There will be an inevitable pushback from the targeted community. There will also be a pushback from other sectors of society as the inconvenience and cost of security is recognized. It is not clear that, over time, American society is capable of accepting the limitations of increased security. This will be particularly true if the tempo of operations remains at current levels and we see one major action per year. As Sept. 11 drifts into the past and if attacks abate, the sense of urgency needed for the security may dissipate.
Conclusion
In some important ways, operations in the North American theater will be the most difficult to carry out. Sealing off the continent is a daunting task, even with seamless cooperation from Mexico and Canada. Most difficult of all will be determining conclusively whether there are any other forces operating here and liquidating them if there are.
It is not clear that the first group had definitive knowledge of follow-on groups. It is not clear that conventional investigations will uncover more than the remnants of the first group. Indeed, it seems that the most important information for fighting the war in North America will have to be gathered outside of North America, in what we call the intercontinental theater of operations -- the back alley intelligence war -- where someone, somewhere, might know what is needed.
In the meantime, Al-Qa'ida, if its units are in place, retain the advantage of stealth, and therefore the advantage of determining the time, place and tempo of operations. It is imperative that this advantage be taken from them. It is not clear how the advantage can be seized, or as important, whether seizing the advantage will trigger a more intense response.
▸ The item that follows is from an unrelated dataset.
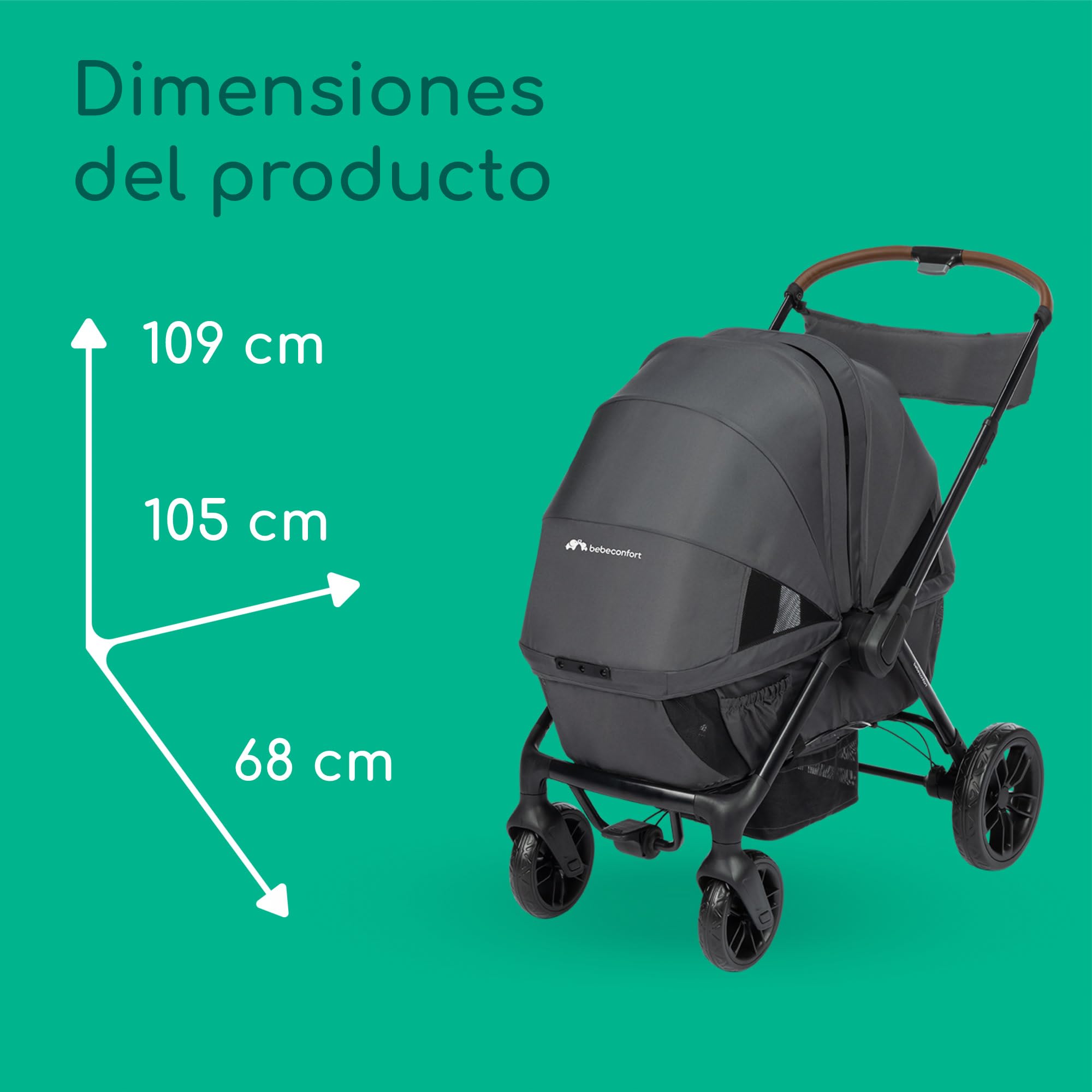 Bebeconfort Helios, Cochecito Gemelar Bebé desde el Nacimiento, 0-4 Años, 0-22 kg, 2 Asientos Enfrentados, Grandes Ruedas Todoterreno, Plegado Compacto, Carro Bebé, Capota Protectora, Mineral Graphite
We have managed to round up hundreds of Islamic malcontents through a big game of "Six Degrees of Separation" and, golly gee, most of them had something to do with some aspect of this operation. That does not sound like a world-class compartmentalization of knowledge. Yet, because we let our airports become cesspools of political hackdom and corruption, and our LEAs highest accomlishment to date was burning a bunch of 7th Day Adventist heretics in the Texas desert, we get 7000 dead people and Lower Manhattan in ruins. If the only dead were the towelheads and our LEA buffoons they would just deserve each other.
Bottom line: STRATFOR is making these people out to be smarter than they are, and boy were we dumb!
While the Terrorists Plotted, CIA Officers Were Making "Diversity Quilts"
So it appears that the CIA officers were working on their "diversity quilts" while Bin Laden's operatives were working on their pilot's licenses. Like I said earlier.....what a friggin' joke.
In the meantime, Al-Qa'ida, if its units are in place, retain the advantage of stealth, and therefore the advantage of determining the time, place and tempo of operations. It is imperative that this advantage be taken from them.